Posté par vinoalain le 28 novembre 2009

Cette semaine, Porte de Versailles, mis à part l’excellent Salon des vignerons indépendants, je suis allé à un autre rendez-vous, lui aussi très porté cette année sur la bouteille : Le Salon Traçabilité.

J’y ai glané quelques gadgets technos.

Les étiquettes de bouteilles sont censées indiquer le vin contenu (c’est l’identification), mais, quelle confiance accorder ? La législation impose à l’embouteilleur d’indiquer sur tout flacon, en plus de sa raison sociale, un numéro de lot  (c’est le numéro commençant par un « L », sur l’étiquette, ou gravé sur le verre). Mais ça, c’est juste pour que les pros engagent des poursuites en cas de bibine frelatée. La liste vins/numéros de lots correspondants n’est pas disponible pour le buveur lambda et celui-ci doit donc croire sur parole l’étiquette papier qui indique un « Grand Cru » et accepter de payer un premium… Bref, l’authentification n’est « garantie » que par la confiance dont on crédite son pinardier (et ses fournisseurs).
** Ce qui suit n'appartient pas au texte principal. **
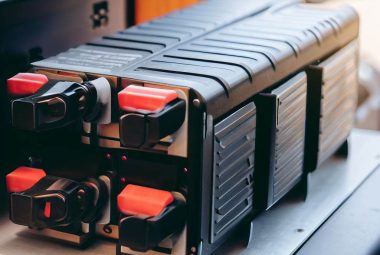 rv power inverter close up black with read tabs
Certaines étiquettes incluent des codes barre, une ou deux dimensions, mais là aussi il s’agit généralement d’une codification de l’identité du vin. Un « Chablis Grand Cru Grenouille 2007 de chez Drouin » devient un code barre qui peut être très vite lu sans risque d’erreurs. Mais, rien de plus simple à reproduire pour un fraudeur…

Certaines sociétés proposent alors d’ajouter sur l’étiquette de petits hologrammes plus ou moins technos pour tenter de dissuader la contrefaçon (comme sur nos billets de banque). Peine perdue, tout comme les hologrammes des CDs d’installations Microsoft, les pirates les reproduisent vite.

D’autres sociétés (Arjowiggings security, eProvenance, …) proposent des encres (visibles ou sympathiques) utilisant, entre autre, des nanotechnologies. Ces encres sont quasiment impossibles à reproduire et uniques. Placée sur l’étiquette de bouteille, le professionnel pourra, avec un petit lecteur (cher), la détecter. Si elle est là, la bouteille est authentique, sinon, il s’est fait avoir. Mais le gadget n’est pas à la portée de toutes les bourses.

Novatec, vend, pour quelques dizaines de centimes d’euros, un code à bulles sous le nom « Prooftag » qui offre au buveur un certain niveau d’authentification. L’embouteilleur place sur l’étiquette papier (ou mieux, en travers de la capsule de la bouteille pour servir de sceaux) un autocollant comportant : un numéro de référence et ce code à bulles. Les bulles sont réparties de façon unique et c’est ce à quoi la référence correspond. En entrant cette référence sur le portail web de l’entreprise, le buveur voit une photo du code à bulles, le compare visuellement avec celui qui est sur l’étiquette et peut alors authentifier lui-même sa bouteille. (Château Latour et Château Ausone ont choisi cette techno).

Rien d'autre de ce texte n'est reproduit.